Every user, regardless of their limitations (and even more so because of them) should be able to recognize each element on a screen and know how to interact with it using their input device of choice. In her book “Accessibility for Everyone,” Laura Kalbag sets out four measurable parameters that equate to an improved and frictionless user experience for all users:

  1. Visual: Make it easy to see
  2. Auditory: Make it easy to hear
  3. Motor: Make it easy to interact with
  4. Cognitive: Make it easy to understand
Keyboard with accessibility computer icons, including motor, auditory, and visual.
Accessible design takes into account the visual, auditory, motor, and cognitive needs of users.

Make it easy to see

Well contrasting colors between foreground and background are obviously necessary for users who experience visual color deficiencies such as deuteranopia (red-green color blindness) or tritanopia (yellow-blue color blindness). This also positively impacts users who may use your products in rooms with glare or on older monitors. A 4.5:1 contrast ratio of text to background is optimum for elements up to 24px regular or 19px bold. For text above these sizes, in the case of headings for example, the contrast requirement drops to 3:1.

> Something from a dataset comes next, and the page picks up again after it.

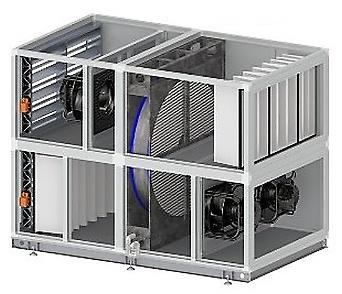 Ilustracja do odpowiedzi C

Another factor to consider is how your form responds when the user zooms in on the viewport. Guidelines advocate that all content and functionality is available at a zoom factor of 200%, and horizontal scrolling is minimized. If your forms are responsive, then chances are they are accessible for low vision users. Responsive design IS low vision design, and your forms should reflow to fill most of the width of the viewport, without causing any horizontal overflow.

Responsive design IS low vision design

Even though most people think of responsive design as a mobile design feature, responsive design works just as well on desktop browsers. In fact, it is on desktop browsers where responsive design can have its greatest impact for users with low vision. Desktop screens have much greater magnification abilities than mobile screens. The truth is that many users with low vision cannot see small mobile devices well enough to read them, even with screen magnification. In those cases, users would rely on a screen reader instead.

On a desktop computer though, users with low vision can take full advantage of the larger screen and zoom in as much as necessary. As the users zoom in, the browser window will be smaller relative to the size of content, so the browser could potentially switch over to the mobile breakpoints, if the site is designed to be responsive on the desktop. That is a a good thing, because it means that the content would switch to a single-column design, with text reflow to reduce horizontal scrolling, and with a simplified visual layout that is easier to work with.

Finally, ensure that form fields and their labels are not separated by extensive whitespace that makes it difficult for people who use screen magnifiers to associate labels and fields. It is also best if the label is above the field rather than to the side of it, because when you select the field, the OS (Operating System) zooms into the field, pushing the text off screen if it is to the side.

Make it easy to hear

A screen reader user experiences the web through sound. A form that is ‘easy to hear’ is one that has been assembled with the audio-structural user experience in mind. Using a variety of keystrokes, users navigate to your form by means of the “Find Next Form” command, and then progress logically through each control using the tab and arrow keys.

For meaning to be exposed to the user, each form control must be connected or ‘wired up’ to its respective labelling element under the hood. Without this connection the user will be presented with vague terms such as “Edit text, blank”, “Tick box, unticked/ticked”. Such announcements provide no contextual meaning and will force users to linearly read through each element, line by line, step by step. The accessible UX becomes frustrating and cumbersome.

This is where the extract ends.